Can We Promote Public Health and Generate Return on Our Investment?
It is widely recognized that the United States spends far more on health, or perhaps more accurately, on medical care than any other country on earth.
Can We Promote Public Health and Generate Return on Our Investment?
It is widely recognized that the United States spends far more on health, or perhaps more accurately, on medical care than any other country on earth. This leads to a considerable amount of hand-wringing, and also some well-considered ideas about how we can spend our medicine dollars better. While most thinking about how we may best spend our health dollars features, at heart, some scenario of greater spending on prevention, our health spending remains resolutely curative. Of the $3.3 trillion spent on health in 2016, only about 2% of that was spent on classic public health activities such as disease monitoring and surveillance.

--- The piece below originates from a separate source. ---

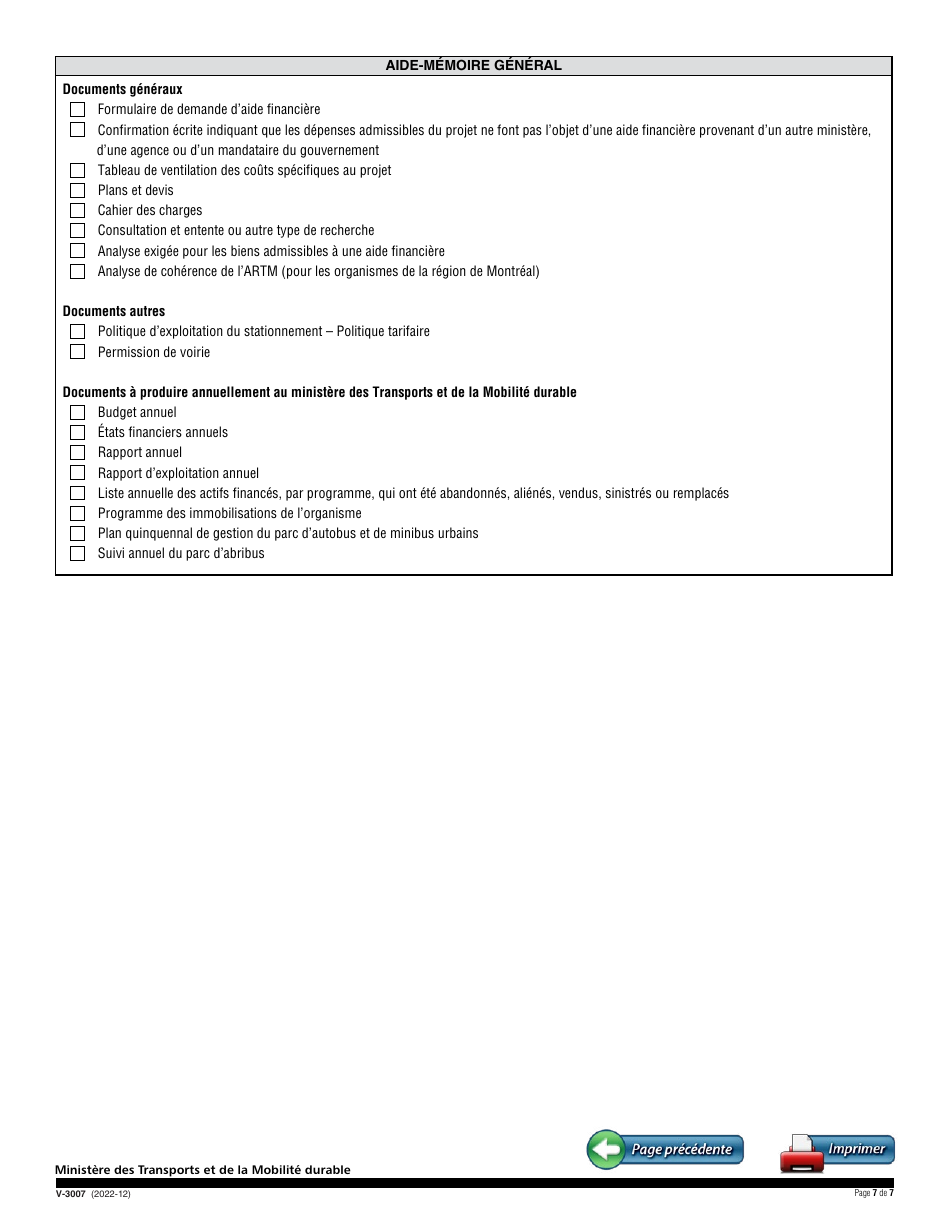 Forme V-3007 Demande Daide Financiere - Quebec, Canada (French), Page 7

We might suggest that this is misaligned with what we really want for our own and our children’s lives. To put it more prosaically, wouldn’t we rather never develop Alzheimer’s than receive treatment for our Alzheimer’s once we get it? Few people ever express a preference for cure over prevention.
But leaving aside what we might prefer, perhaps we spend more on cure than we do on promoting health because prevention and keeping people healthy are too expensive. That would be a robust argument for spending less in this area since, after all, we all recognize that all spending is zero sum and we have to make choices about what to spend money on.

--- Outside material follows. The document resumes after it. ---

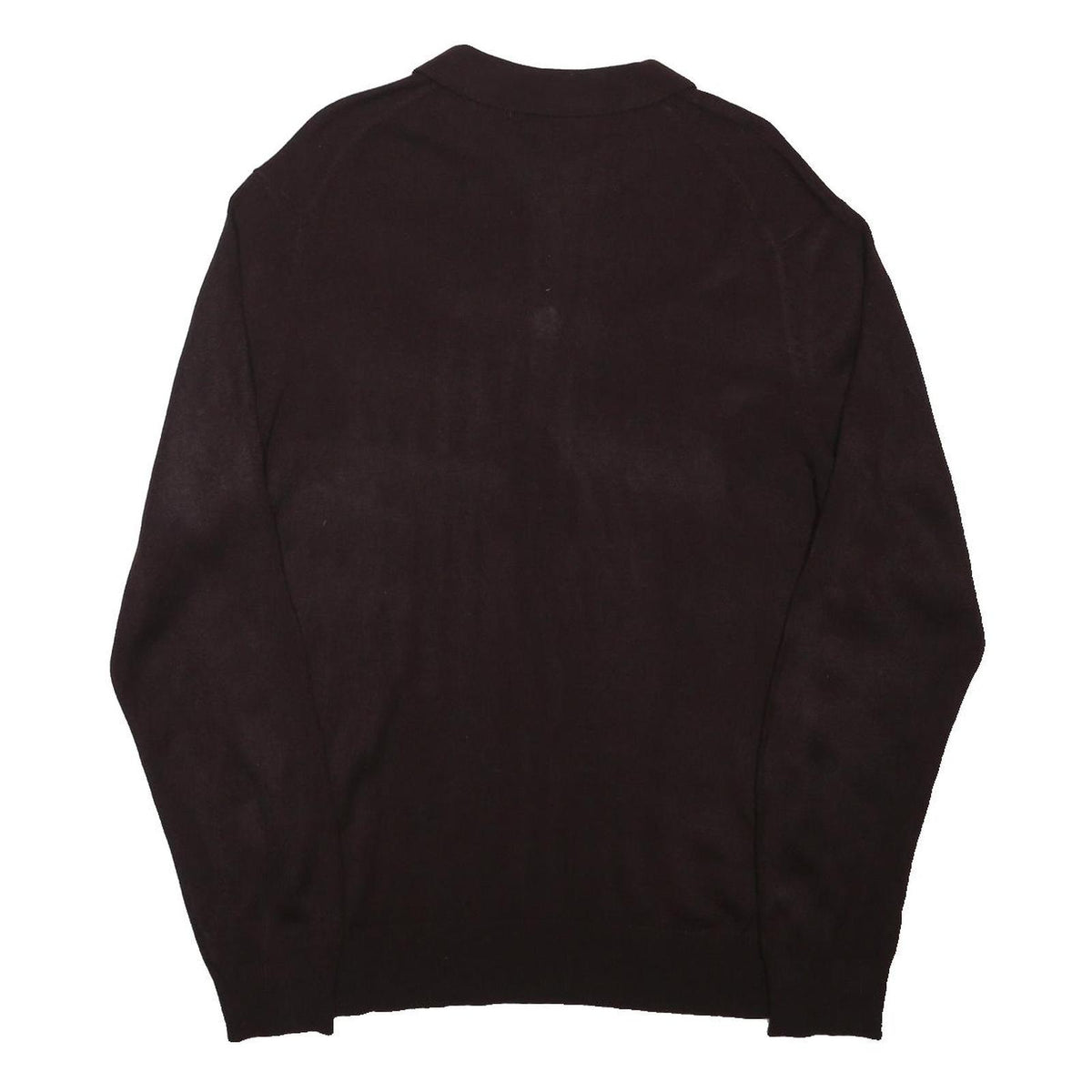 FRENCH CONNECTION Mens Maroon Cotton Blend Long Sleeve Plain XL Polo Shirt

But is it true that keeping us healthy is too expensive? An analysis set out to assess the return on investment for high-income countries that adopt efforts to improve health. The authors conducted a systematic review of nearly 3,000 papers. They found that the median return on investment for public health interventions was 14 to 1, that is, for every dollar invested, it yields the same dollar back and another 14. They found that the more these interventions were established at the wider, national level, the higher the return, rising up to about 40 to 1 for the best investments. What are these interventions? They include, among other efforts, vaccination programs, taxes on sugar sweetened beverages, building better cities to reduce falls, and early youth interventions to limit teenage pregnancy and delinquency. In other words, classic efforts that create healthier worlds and promote the public’s health.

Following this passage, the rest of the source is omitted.